Stefi Weisburd volunteers at Explora, and this poem shows it. What a field trip! She is the author of two books,
The Wind-Up Gods and
Barefoot: Poems for Naked Feet. Her work has appeared in several national pubications, including
American Poetry Review,
Poetry (includes audio), and
The Paris Review.
Weisburd will be reading locally next Sunday at the
Church of Beethoven with Amy Beeden.
Field Trip to a Dangerous Mind
Bradbury Science Museum, Los Alamos, NM, home of the atomic bomb
Mr. X’s brain resembles a mushroom cloud in a jar. Just now it’s unjarred and pinkish, skulking on its tray. The fifth graders in the Science Theater masticate this tidbit of data while surveying the weather in their stomachs.
Mr X’s brain donated itself to the museum in 1991, says Ms. Fermi, educational consultant. Now that the brain’s unclassified, she can divulge that Mr. X was a sales rep. for the Cold War.
Mr. X’s spinal cord resembles a ponytail of long pink spaghetti. Ms. Fermi lifts his eyeballs with a popsicle stick.

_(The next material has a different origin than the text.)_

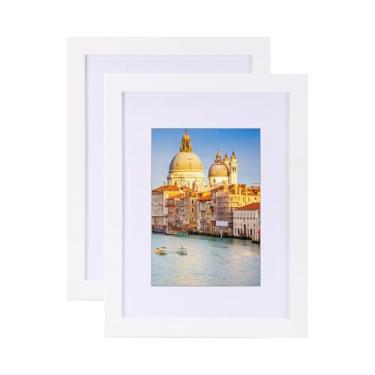 Imagem de wyooxoo Conjunto de 2 porta-retratos de 23 x 30,5 cm, feito de madeira maciça, para exibição de fotos 15,6 x 20,5 cm com tapete ou 23,5 x 30,5 cm sem tapete, moldura colorida para exibição de parede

One by one the children hold Mr. X’s brain. Not realizing it’s a dud, some kids faint in a chain reaction. Others think it’s yet another memo from the Office of Cooties Management. When Dillon C. coddles the cerebellum, Mr. X misplaces the atomic formula for ________.
Ms. Fermi warns that smooth brains are too big for their skulls and may fall for optical tricks as Sarah S. soon discovers for herself when her worksheet morphs into a five ton Fat Man.
Ms Fermi leaves the class with this thought: Women have more daisy chains linking left to right hemis. The women chaperons smug. Who knows what will happen when the two halves touch – light! or annihilation!